African Rainbow Minerals (ARM) planea reabrir Bokoni Platinum en Sudáfrica con una inversión de 15 200 millones de rands en siete años, con el objetivo de alcanzar una producción anual de PGM de hasta 400 000 onzas hacia 2030. El proyecto surge tras un nuevo estudio de viabilidad y un deterioro contable anterior de 2 200 millones de rands en el ejercicio 2025 de ARM.
La reactivación ha suscitado preocupación entre los inversores por la intensidad de capital y la generación de efectivo a corto plazo, especialmente si ARM también acomete el proyecto Two Rivers Merensky. RMB Morgan Stanley estima que financiar ambos proyectos podría llevar a ARM a un flujo de caja libre negativo durante dos o tres años. Según informes, las acciones de ARM cayeron con fuerza tras el anuncio de Bokoni.

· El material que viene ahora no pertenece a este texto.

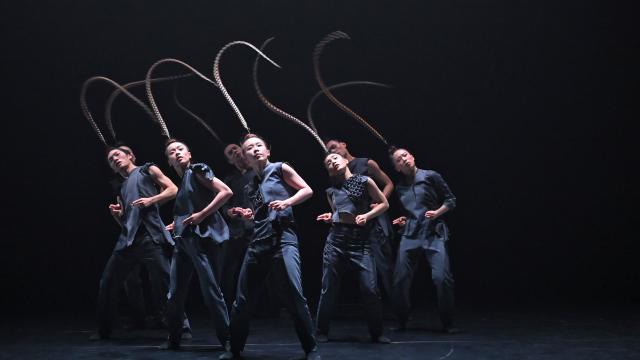 a group of 7 asian dancers on stage, wearing black clothes adn a long bird feather on their heads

No obstante, el proyecto podría beneficiarse de la mejora de los fundamentales del mercado de PGM. La producción sudafricana de PGM está disminuyendo, mientras que la renovada demanda automotriz, respaldada por una adopción de vehículos eléctricos más lenta de lo previsto, podría fortalecer los precios. ARM inició el proyecto con un balance sólido, que incluía 9 500 millones de rands en efectivo neto a finales de junio.
La reactivación de Bokoni podría añadir una oferta futura significativa de PGM, pero sus elevados requisitos de capital y su compleja historia minera generan riesgos de ejecución y de flujo de caja para ARM.